* _Dataset excerpt_
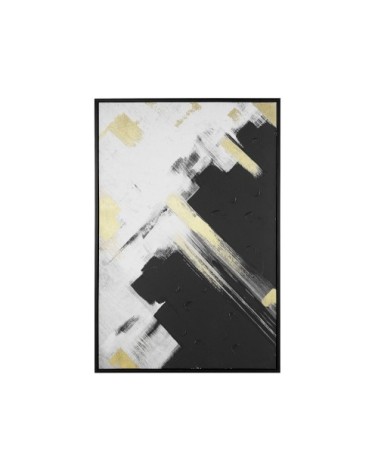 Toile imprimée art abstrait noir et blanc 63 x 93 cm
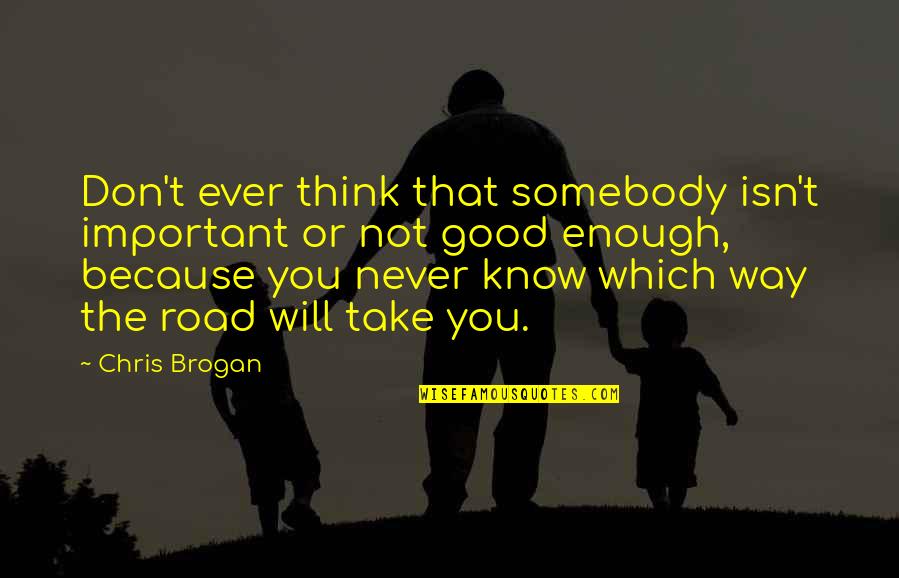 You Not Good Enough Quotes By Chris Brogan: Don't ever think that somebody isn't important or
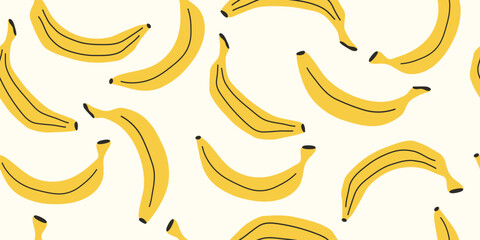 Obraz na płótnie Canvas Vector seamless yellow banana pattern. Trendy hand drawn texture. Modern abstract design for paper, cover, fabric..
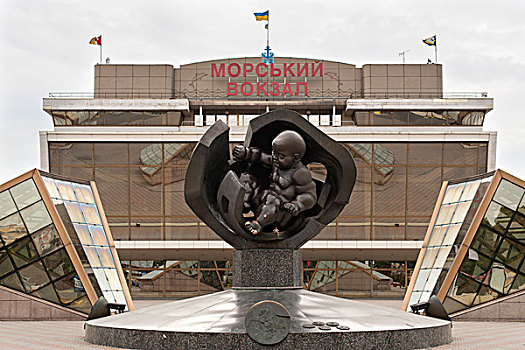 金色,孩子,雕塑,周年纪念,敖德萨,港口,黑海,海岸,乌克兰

* _Exercise_
Copy the material exactly. Do not include the pictures.

* _Answer section_
 Toile imprimée art abstrait noir et blanc 63 x 93 cm
 You Not Good Enough Quotes By Chris Brogan: Don't ever think that somebody isn't important or
 Obraz na płótnie Canvas Vector seamless yellow banana pattern. Trendy hand drawn texture. Modern abstract design for paper, cover, fabric..
 金色,孩子,雕塑,周年纪念,敖德萨,港口,黑海,海岸,乌克兰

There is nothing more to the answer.